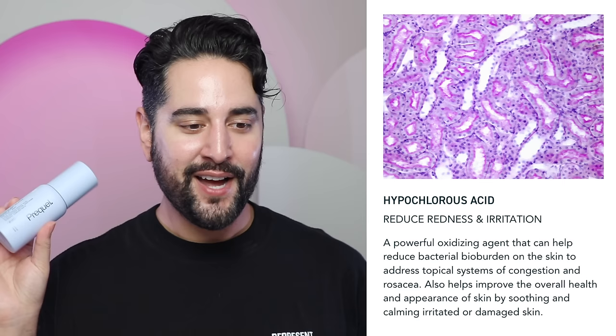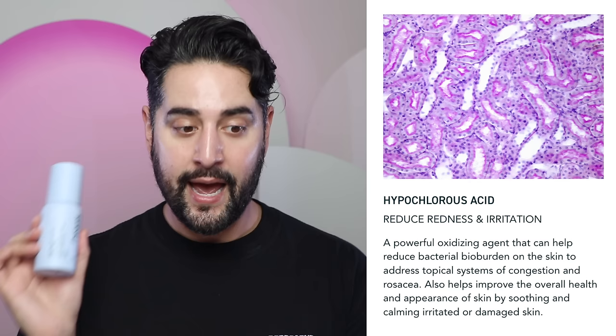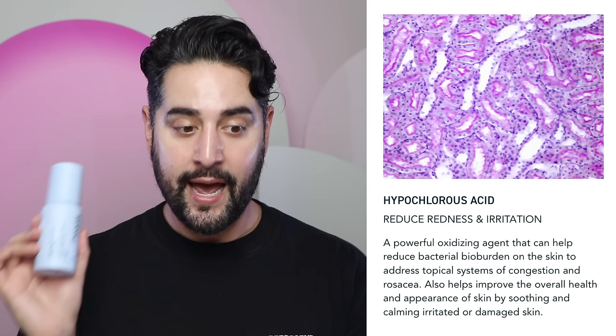Three of the best things I've ever done for my rosacea: learning what food triggers my gut, which in turn affects my rosacea; Near Infrared LED Light Therapy; and Hypochlorous Acid. I've just started using the Tower 28 SOS Daily Rescue Facial Spray. Hypochlorous Acid is a powerful oxidizing agent that can help reduce bacterial bio-burden on the skin to address topical symptoms of congestion and rosacea, and also helps improve the overall health and appearance of the skin by soothing and calming irritated or damaged skin.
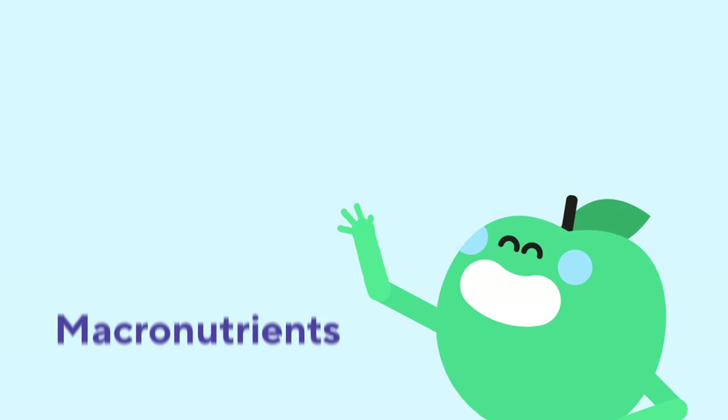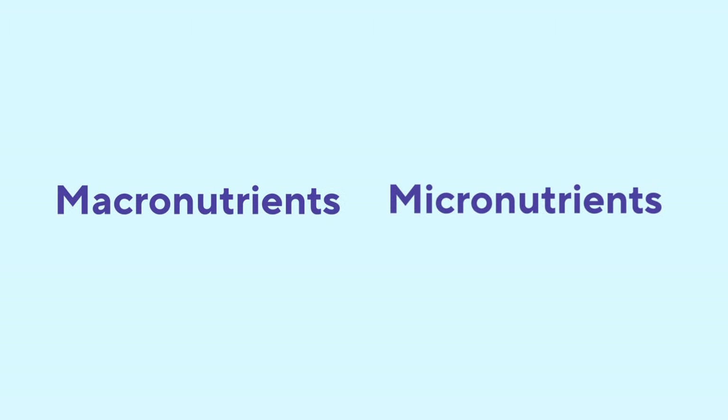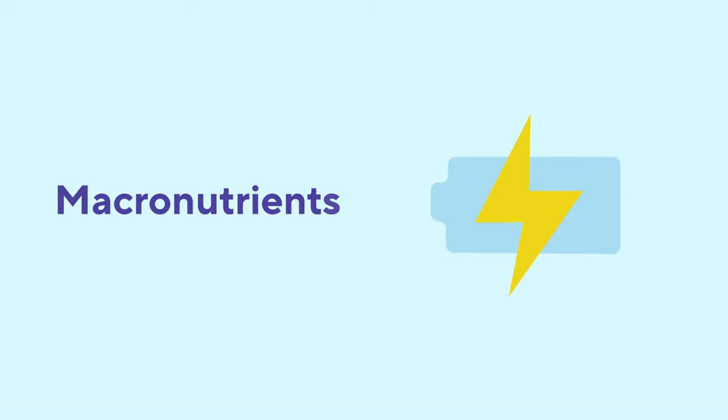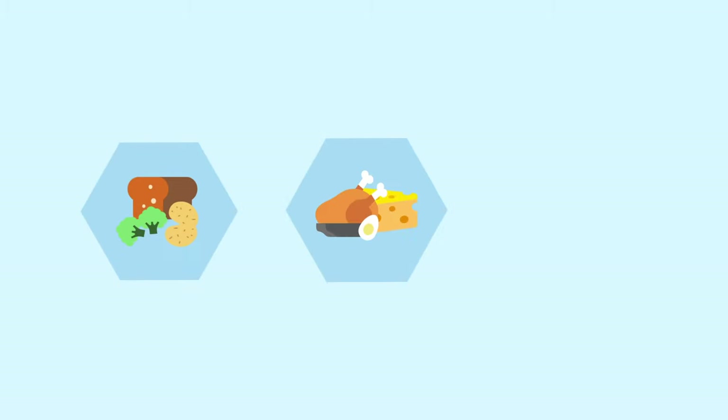Hi! Have you heard of the words macronutrient and micronutrient? If not, let me clarify for you. The nutrients providing energy are called macronutrients, shortened as macros, the building block of your diet. The macros are carbohydrates, carbs, protein, and fat.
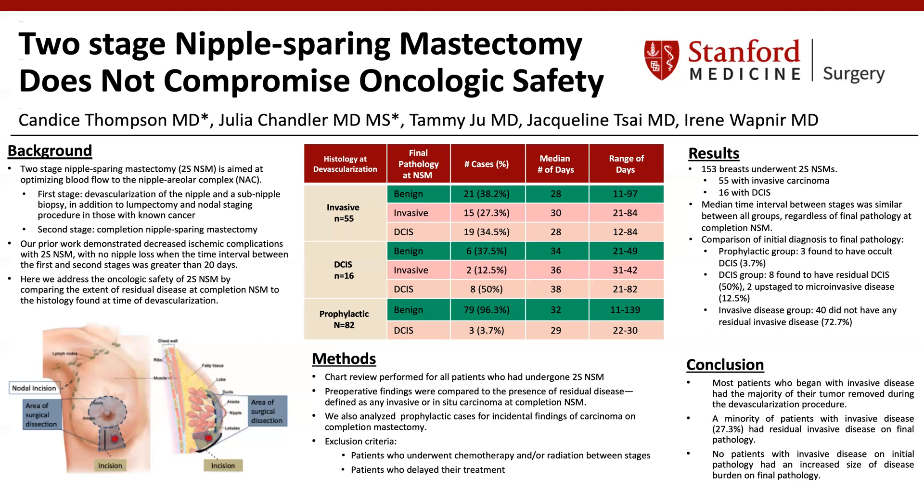In summary, most patients who began with invasive disease had the majority of their tumor removed during the devascularization procedure. A minority of patients with invasive disease, or 27.3%, had residual invasive disease on final pathology. Finally, no patients with invasive disease on initial pathology had an increased size of disease burden on final pathology. We conclude that the two-stage nipple-sparing mastectomy procedure does not compromise oncologic safety.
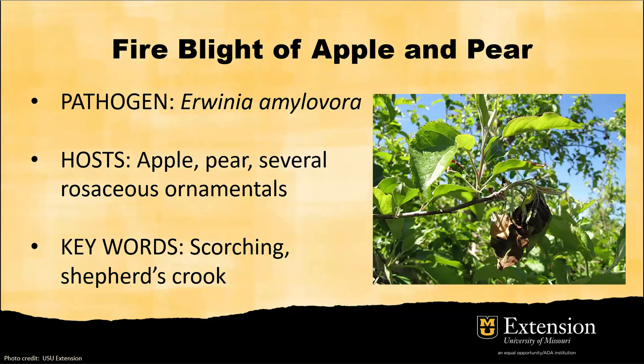This disease is very famous. It is caused by a pathogen called Erwinia amylovora, and this is a bacterial disease. If you apply any fungicide-related chemical or horticulture oil, it won't work because this is a bacterial pathogen and it's transmitted in the vascular system of the plant. It has a really wide host range, including apple, pear, and several rosaceous ornamentals.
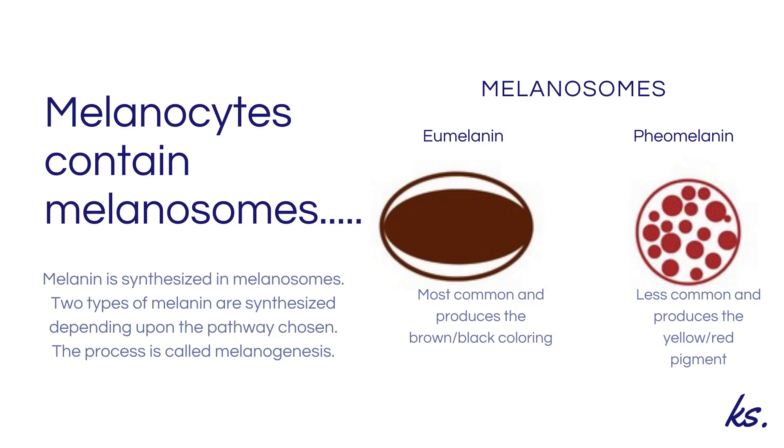The melanin pigment is synthesized in structures called melanosomes. A complex pathway called melanogenesis is responsible for producing melanin. There are two types of melanin produced and both involve melanogenesis, but there are different pathways.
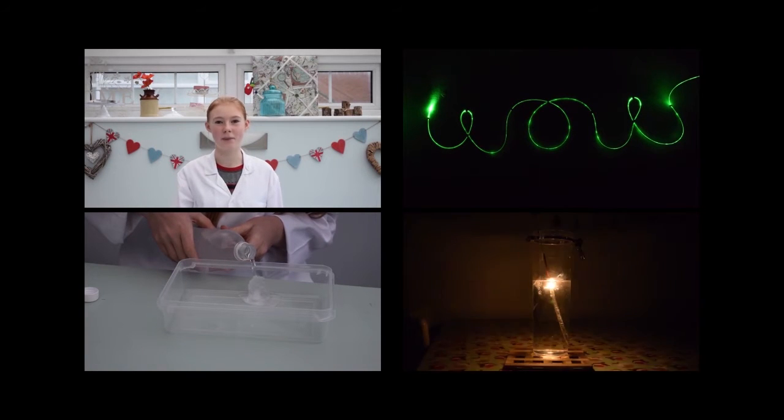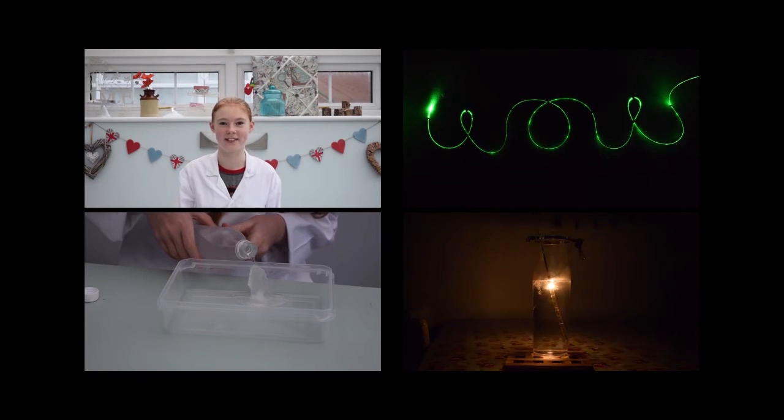Hi, my name is Poppy and I love doing science experiments. Did you know that there is a fruit that can change your sense of taste? The miracle fruit is an African berry that contains a protein called miraculin. This bonds to the sweet receptors on your tongue and is activated when you eat something acidic. So foods that normally taste sour now taste sweet.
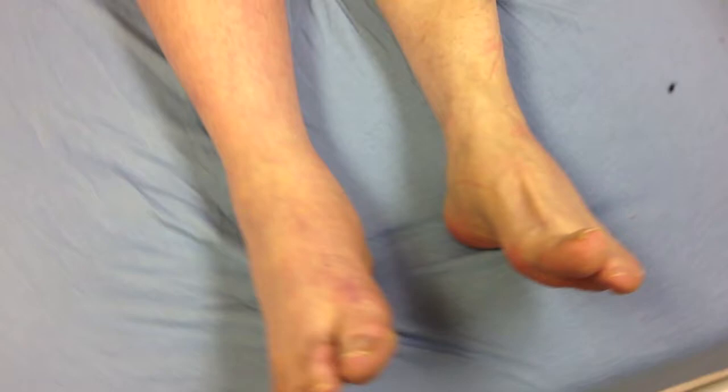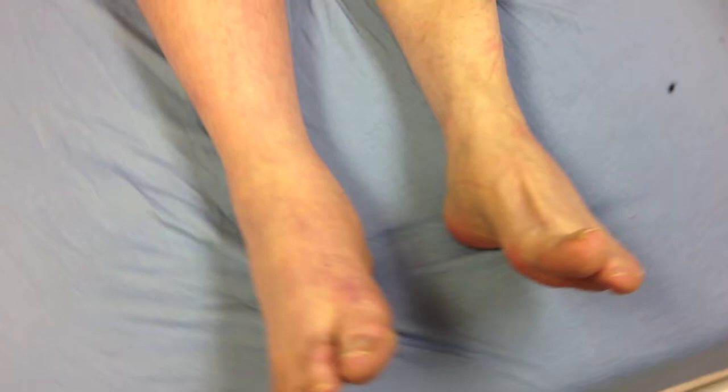Under this condition, the hydrostatic pressure in the arterial and venous capillaries exceeds the oncotic pressure, causing a lot of fluid to go to that extremity. Involvement of the upper extremities occurs in less than 5% of patients with Phlegmasia cerulea dolens.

════════

* DIRECTIONS FOR THIS TASK:
Set down every line above exactly, pictures excluded.

* OUTPUT OF THE EXERCISE:
Three of the best things I've ever done for my rosacea: learning what food triggers my gut, which in turn affects my rosacea; Near Infrared LED Light Therapy; and Hypochlorous Acid. I've just started using the Tower 28 SOS Daily Rescue Facial Spray. Hypochlorous Acid is a powerful oxidizing agent that can help reduce bacterial bio-burden on the skin to address topical symptoms of congestion and rosacea, and also helps improve the overall health and appearance of the skin by soothing and calming irritated or damaged skin.
Hi! Have you heard of the words macronutrient and micronutrient? If not, let me clarify for you. The nutrients providing energy are called macronutrients, shortened as macros, the building block of your diet. The macros are carbohydrates, carbs, protein, and fat.
In summary, most patients who began with invasive disease had the majority of their tumor removed during the devascularization procedure. A minority of patients with invasive disease, or 27.3%, had residual invasive disease on final pathology. Finally, no patients with invasive disease on initial pathology had an increased size of disease burden on final pathology. We conclude that the two-stage nipple-sparing mastectomy procedure does not compromise oncologic safety.
This disease is very famous. It is caused by a pathogen called Erwinia amylovora, and this is a bacterial disease. If you apply any fungicide-related chemical or horticulture oil, it won't work because this is a bacterial pathogen and it's transmitted in the vascular system of the plant. It has a really wide host range, including apple, pear, and several rosaceous ornamentals.
The melanin pigment is synthesized in structures called melanosomes. A complex pathway called melanogenesis is responsible for producing melanin. There are two types of melanin produced and both involve melanogenesis, but there are different pathways.
Hi, my name is Poppy and I love doing science experiments. Did you know that there is a fruit that can change your sense of taste? The miracle fruit is an African berry that contains a protein called miraculin. This bonds to the sweet receptors on your tongue and is activated when you eat something acidic. So foods that normally taste sour now taste sweet.
Under this condition, the hydrostatic pressure in the arterial and venous capillaries exceeds the oncotic pressure, causing a lot of fluid to go to that extremity. Involvement of the upper extremities occurs in less than 5% of patients with Phlegmasia cerulea dolens.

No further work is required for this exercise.